In a shocking turn of events, Mr. Cesar Humberto Pina, a New Jersey real estate investor and influencer, and business partner of Power 105.1 DJ Envy, was apprehended today on charges related to a substantial Ponzi-like investment fraud scheme.
The arrest was announced by U.S. Attorney Philip R. Sellinger.
Federal officials said Pina, 45, a Franklin Lakes, New Jersey resident, faces one count of wire fraud, as detailed in a federal complaint.
He appeared before U.S. Magistrate Judge Edward S. Kiel in Newark federal court and was subsequently released on a $1 million secured bond with electronic monitoring.
The allegations suggest that Pina exploited his celebrity status and extensive social media presence to amass a devoted following of potential victims.
Promising unrealistically high returns, he purportedly defrauded numerous individuals out of millions of dollars.
Federal authorities are closely looking into Pena and DJ Envy's (Mr.
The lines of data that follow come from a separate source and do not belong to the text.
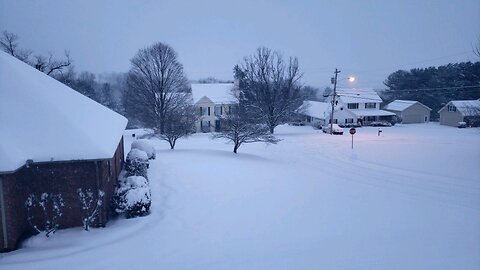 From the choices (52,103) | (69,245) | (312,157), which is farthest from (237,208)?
(312,157)

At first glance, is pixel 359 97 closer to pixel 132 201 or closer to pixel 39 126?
pixel 132 201

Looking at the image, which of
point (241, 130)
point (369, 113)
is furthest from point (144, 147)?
point (369, 113)

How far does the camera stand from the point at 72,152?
10.5 m

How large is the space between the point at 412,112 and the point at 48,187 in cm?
6200

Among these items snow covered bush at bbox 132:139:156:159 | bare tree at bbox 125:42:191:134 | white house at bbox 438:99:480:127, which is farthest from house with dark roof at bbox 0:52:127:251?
white house at bbox 438:99:480:127

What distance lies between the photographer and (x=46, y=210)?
35.3ft

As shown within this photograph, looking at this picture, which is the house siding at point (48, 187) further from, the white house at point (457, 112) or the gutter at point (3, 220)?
the white house at point (457, 112)

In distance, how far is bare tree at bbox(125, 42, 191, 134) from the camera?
45.8 metres

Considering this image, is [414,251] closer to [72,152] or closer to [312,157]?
[72,152]

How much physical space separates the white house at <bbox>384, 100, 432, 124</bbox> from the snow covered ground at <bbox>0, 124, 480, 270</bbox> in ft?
132

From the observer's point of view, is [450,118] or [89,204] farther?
[450,118]

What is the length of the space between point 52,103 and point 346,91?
60286 mm

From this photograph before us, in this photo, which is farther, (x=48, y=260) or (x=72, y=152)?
(x=72, y=152)

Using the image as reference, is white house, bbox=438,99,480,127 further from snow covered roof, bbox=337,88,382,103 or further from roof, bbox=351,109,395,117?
snow covered roof, bbox=337,88,382,103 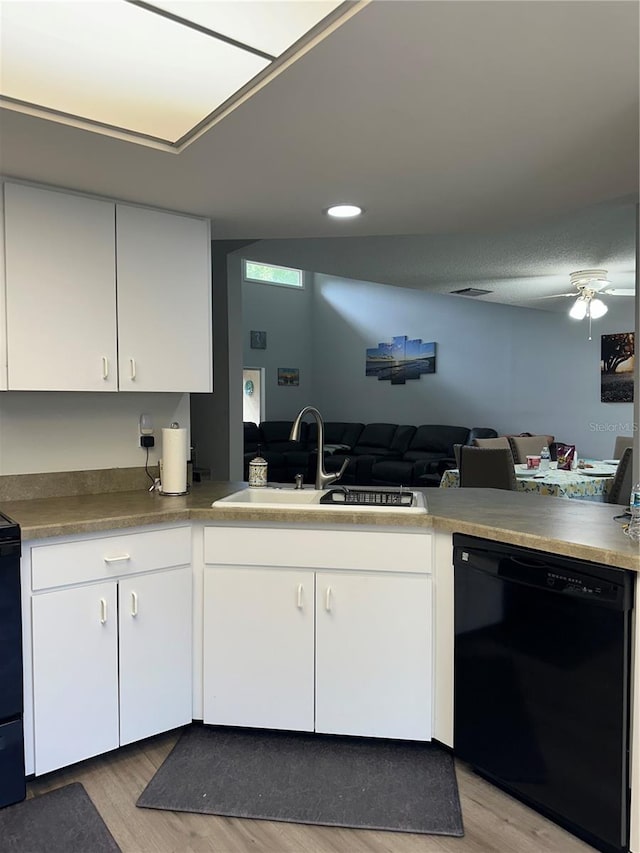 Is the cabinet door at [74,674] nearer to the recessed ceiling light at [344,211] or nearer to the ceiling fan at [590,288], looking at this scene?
the recessed ceiling light at [344,211]

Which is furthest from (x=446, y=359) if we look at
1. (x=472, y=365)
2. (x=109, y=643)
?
(x=109, y=643)

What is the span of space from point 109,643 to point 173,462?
2.58 feet

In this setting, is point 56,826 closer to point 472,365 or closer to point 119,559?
point 119,559

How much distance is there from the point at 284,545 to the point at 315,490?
41 centimetres

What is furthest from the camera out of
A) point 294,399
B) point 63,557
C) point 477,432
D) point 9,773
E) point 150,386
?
point 294,399

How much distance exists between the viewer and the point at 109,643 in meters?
2.11

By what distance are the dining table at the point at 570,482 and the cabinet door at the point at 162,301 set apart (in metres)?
2.17

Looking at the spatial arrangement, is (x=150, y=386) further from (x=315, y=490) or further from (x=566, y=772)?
(x=566, y=772)

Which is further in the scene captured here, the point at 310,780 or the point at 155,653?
the point at 155,653

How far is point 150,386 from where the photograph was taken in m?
2.55

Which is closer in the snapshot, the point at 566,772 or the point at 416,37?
the point at 416,37

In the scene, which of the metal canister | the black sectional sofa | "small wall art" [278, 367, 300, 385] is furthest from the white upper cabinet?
"small wall art" [278, 367, 300, 385]

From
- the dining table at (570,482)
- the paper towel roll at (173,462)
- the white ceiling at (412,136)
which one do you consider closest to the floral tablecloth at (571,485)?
the dining table at (570,482)

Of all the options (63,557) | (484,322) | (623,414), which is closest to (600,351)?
(623,414) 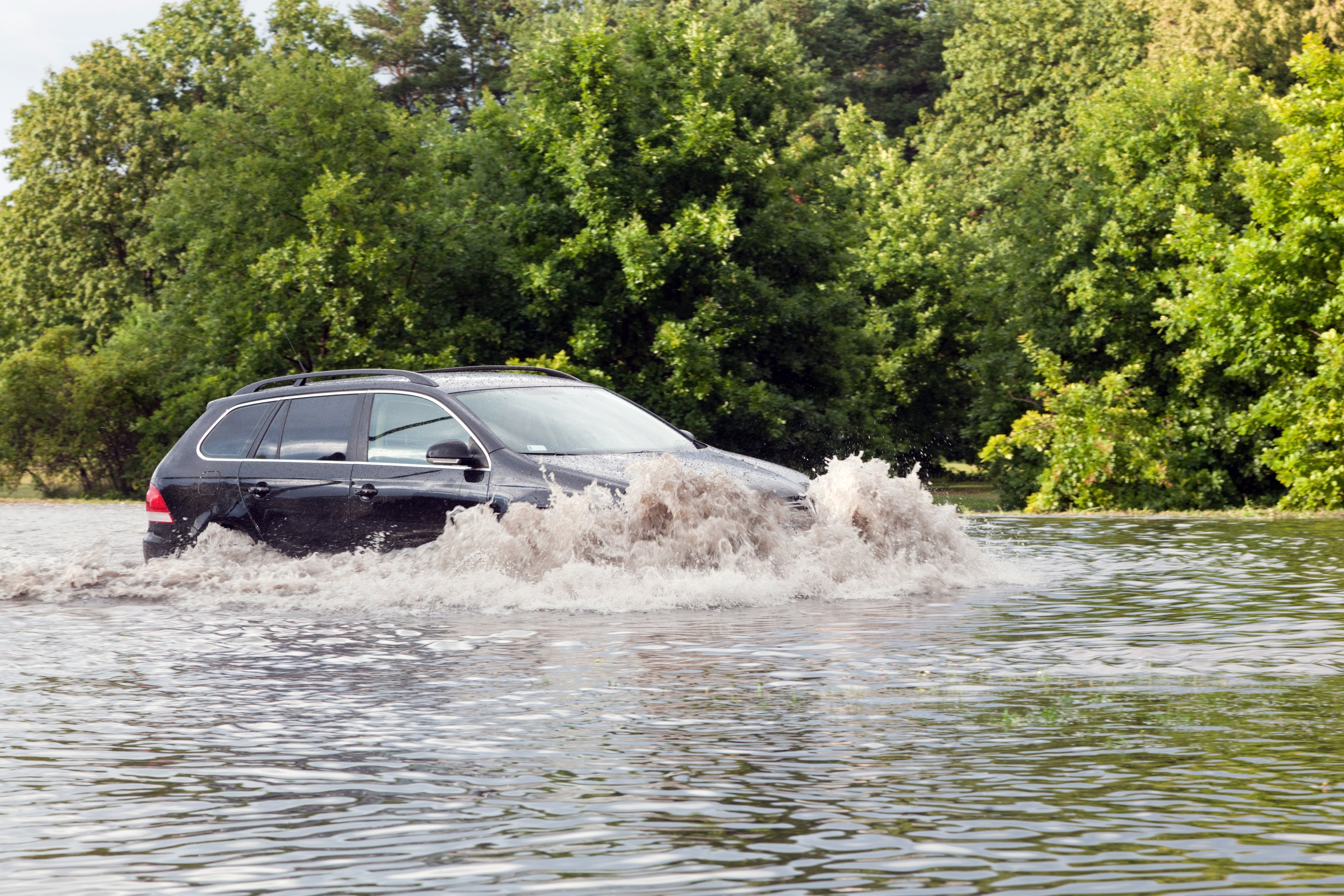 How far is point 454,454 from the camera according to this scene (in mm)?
12008

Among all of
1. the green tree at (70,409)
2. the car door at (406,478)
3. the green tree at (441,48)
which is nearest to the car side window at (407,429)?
the car door at (406,478)

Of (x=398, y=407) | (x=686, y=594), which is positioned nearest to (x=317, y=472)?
(x=398, y=407)

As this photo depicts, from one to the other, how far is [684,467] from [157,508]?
4.50 m

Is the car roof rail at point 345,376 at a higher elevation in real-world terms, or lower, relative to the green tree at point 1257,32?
lower

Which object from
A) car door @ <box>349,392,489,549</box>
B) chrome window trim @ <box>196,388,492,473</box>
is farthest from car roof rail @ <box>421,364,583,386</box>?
car door @ <box>349,392,489,549</box>

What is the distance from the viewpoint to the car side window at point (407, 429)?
1246 cm

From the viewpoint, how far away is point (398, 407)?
12.8 meters

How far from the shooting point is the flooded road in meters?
4.79

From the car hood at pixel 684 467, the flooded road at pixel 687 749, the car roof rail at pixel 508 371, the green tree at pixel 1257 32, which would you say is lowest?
the flooded road at pixel 687 749

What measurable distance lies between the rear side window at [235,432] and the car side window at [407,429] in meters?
1.17

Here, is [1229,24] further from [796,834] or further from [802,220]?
[796,834]

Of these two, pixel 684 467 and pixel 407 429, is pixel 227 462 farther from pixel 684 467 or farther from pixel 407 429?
pixel 684 467

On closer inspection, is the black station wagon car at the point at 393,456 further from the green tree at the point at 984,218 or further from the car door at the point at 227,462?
the green tree at the point at 984,218

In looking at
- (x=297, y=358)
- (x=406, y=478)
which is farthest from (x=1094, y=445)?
(x=406, y=478) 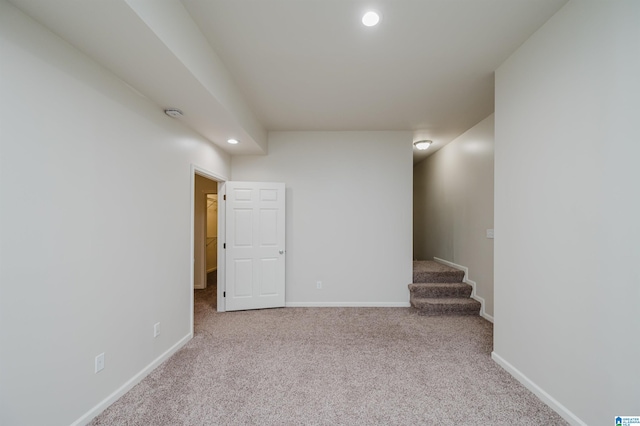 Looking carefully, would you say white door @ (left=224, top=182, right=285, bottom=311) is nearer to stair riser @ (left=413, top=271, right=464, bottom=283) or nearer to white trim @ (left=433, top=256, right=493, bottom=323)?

Rashan Casey) business dealings.
U.S. Attorney Sellinger emphasized the commitment to safeguarding the public from such fraudulent schemes, pledging to prosecute individuals who deceive investors for their personal gain.
Tammy Tomlins, Special Agent in Charge of IRS – Criminal Investigation Newark Field Office, condemned Pina's actions as a fraudulent scheme that misled investors about the nature of his business and potential returns, ultimately defrauding them out of millions.
FBI – Newark Special Agent in Charge James E. Dennehy underscored the impracticality of Ponzi schemes, warning investors not to let their hard-earned money fall into the wrong hands.
The case's documents and court statements reveal that Pina partnered with a celebrity disc jockey and radio personality to conduct real estate seminars across the country.
These seminars, self-promotion, and other marketing tactics contributed to his substantial social media following.
Beginning in 2017, Pina allegedly started accepting investments from victim investors, promising lucrative returns of 20 to 45 percent within five months for specific real estate projects in New Jersey and other states.
However, instead of fulfilling these promises, he operated a Ponzi-like scheme, intermingling victim funds, using new investments to pay off earlier victims, and diverting victim money for personal expenses.
The investigation has unveiled that Pina defrauded numerous investors of millions of dollars.
The charge of wire fraud carries a maximum penalty of 20 years in prison and a fine of $250,000, or twice the gross amount of any pecuniary gain derived from the offense or pecuniary loss sustained by victims, whichever is greater.